Wesley survived the fall into the splash (I’m amazed – that was some height! It gave me vertigo just watching it from my cave), and has been brought back to his father’s flat by an agent working outside of The Fraternity. This agent is Pekwarsky. This guy is like a mad scientist, in that he has invented a bullet that is undetectable after doing the fatal deed, and can travel from very long distances. This seems logical to the viewer, because if you don’t have the memory span of a goldfish, you will recall the opening action sequence to the movie, where Wesley’s dad shoots the guy on top of a skyscraper, using a sniper rifle tied to a telescope to shoot the target (the enemy even had to stand on a ‘X’ on the fall). The way the bullet travelled through the air reminded me of THIS. I wonder if that idea was inspired by this music vid? Just some food for thought. It makes BEAR wonder if anything can be 100% original these days.

Now that Wesley knows what the F is going on – how he got F’d over by The Fraternity – he wants payback. He wants revenge.

My favourite scene has got to be when Wesley unloads a dumpster truck carrying an army of exploding rats, right outside the HQ. It was so good it plagued my mind with its awesomeness ever since watching it last night, up ’till this moment as I type out this junkyard of words. A close second is the scene where Fox kills almost the whole Fraternity by bending a bullet in a perfect circle; but I found the army of rats being unleashed to their peril more original. This scene happens in quick succession of each other. Also, the scene where Fox stands in front of the hung up pig, and had Wesley bend a bullet around her head is quite cool too. Actually, this movie does have some epic scenes, doesn’t it? I wonder how many hits of acid it took to make this story. Or perhaps it’s a true story? Either way – I likes it I’s do!

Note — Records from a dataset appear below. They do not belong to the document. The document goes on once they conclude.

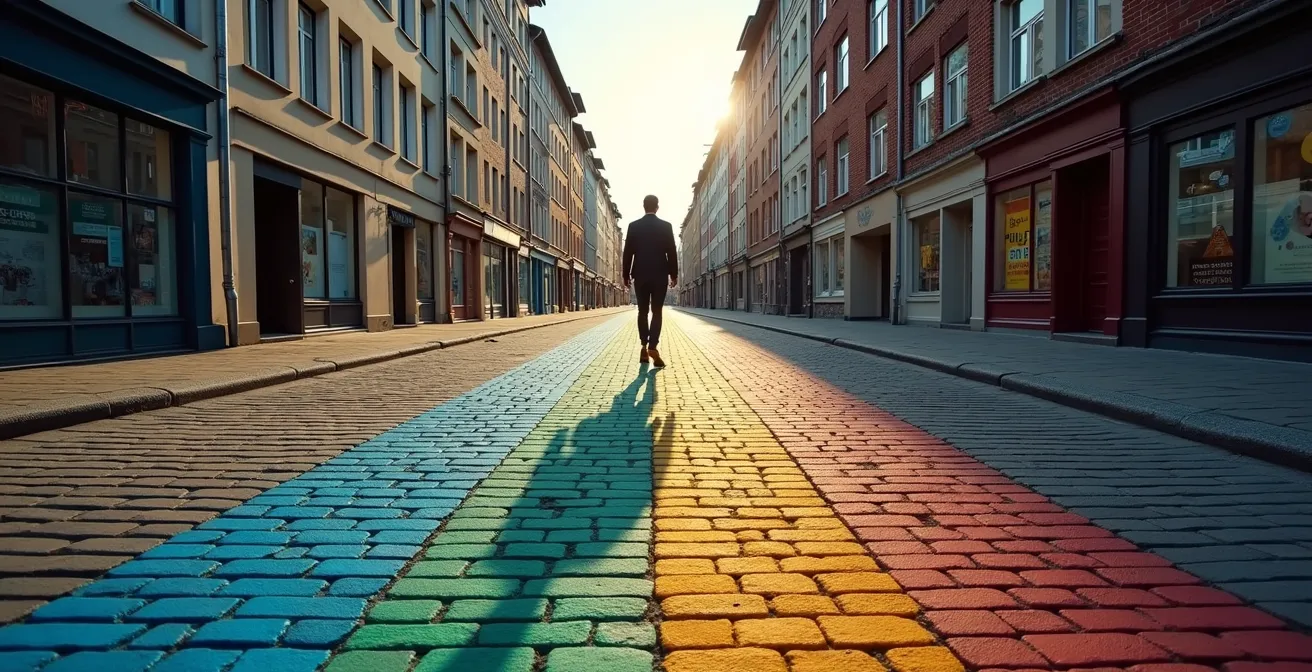 Ein abstraktes Bild, das einen ausgetretenen Routinepfad neben neuen, vielfältigen Wegen zeigt, die für kognitive Flexibilität stehen.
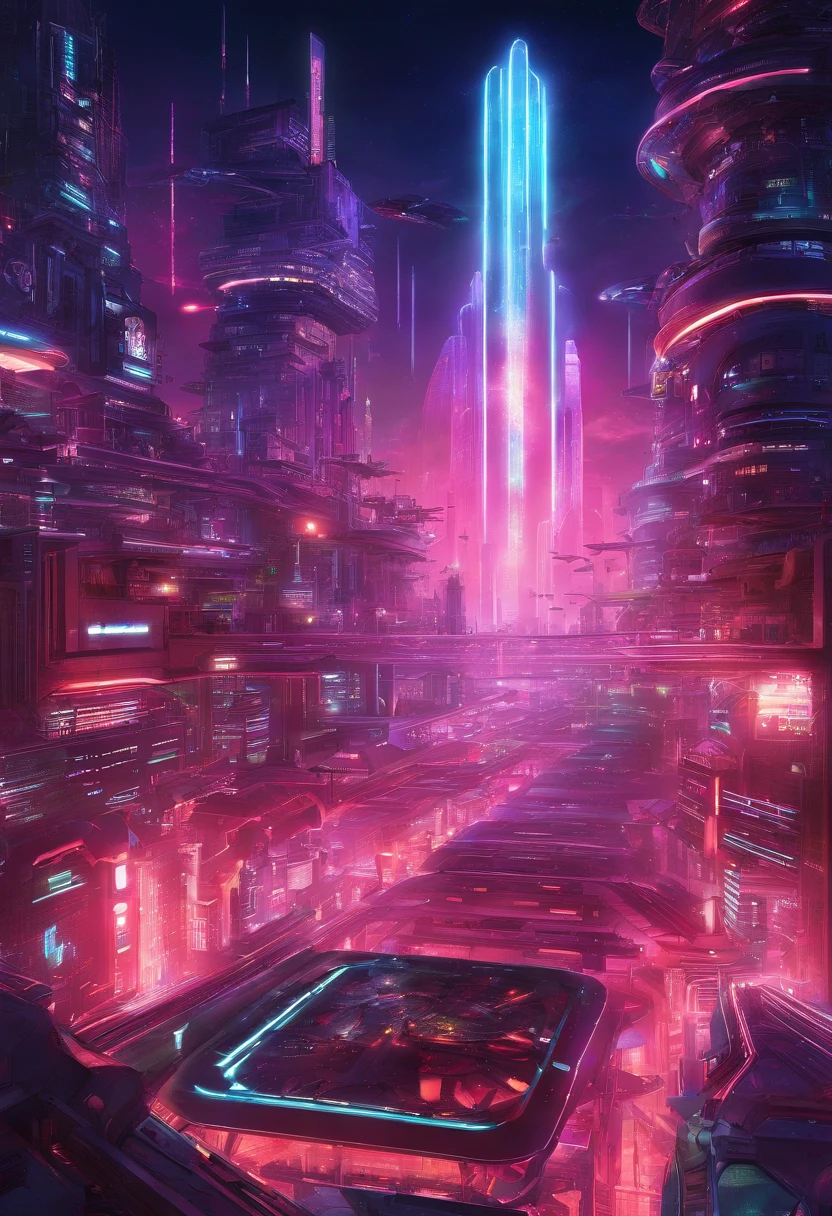 A neon-lit cityscape at night, showcasing a futuristic metropolis bustling with activity. The buildings are adorned with dazzling LED displays, futuristic transportation systems glide above, and AI-controlled drones zip through the sky.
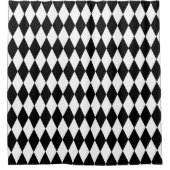 白黒ハーレクインダイアモンズパターンデザイン シャワーカーテン (正面)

(DIE YOU VERMIN!!/Headshot! Headshot! Headshot…)

I couldn’t really be too critical with this film, because I was having too much fun enjoying the high-octane action. But there was one mistake I picked up on: the toilet cistern in Wesley’s flat is empty when he initially puts his handgun in there, but later in the film when it’s taken out, the cistern is full of water. Yes, I’m being extremely critical here, but you can’t fault a BEAR for tryin’.

My least favourite bit was that the main character, Wesley, was definitely, in BEAR’s honest opinion, outperformed by the actress who played Fox. She stole that movie for me, that Angelina Jolie looky likey. And I don’t like how Wesley didn’t have the foresight to transfer all that 3.6 million dollars into a savings account of some kind. That’s what happens when you put too much trust in The Fraternity, and then decide to take them on WITHOUT transferring your money safely – you get owned, financially, beyond the grave. Next time Wesley, let me look after it. Oh wait! There ain’t going to be a next time, is there?

Well, I think I’ve said all I wanna say about this film. I’ve most likely missed out something important, haven’t I? Perhaps I’ve left the oven on too long? Oh well – C’est la vie.

I award this film an 8/10!

(Fox: “Thank god this took only one take.”)

*I obviously knows this is really Angelina Jolie.
** Yes, this is also the real Morgan Freeman in the film. BEAR’s knot stewpad ore samting.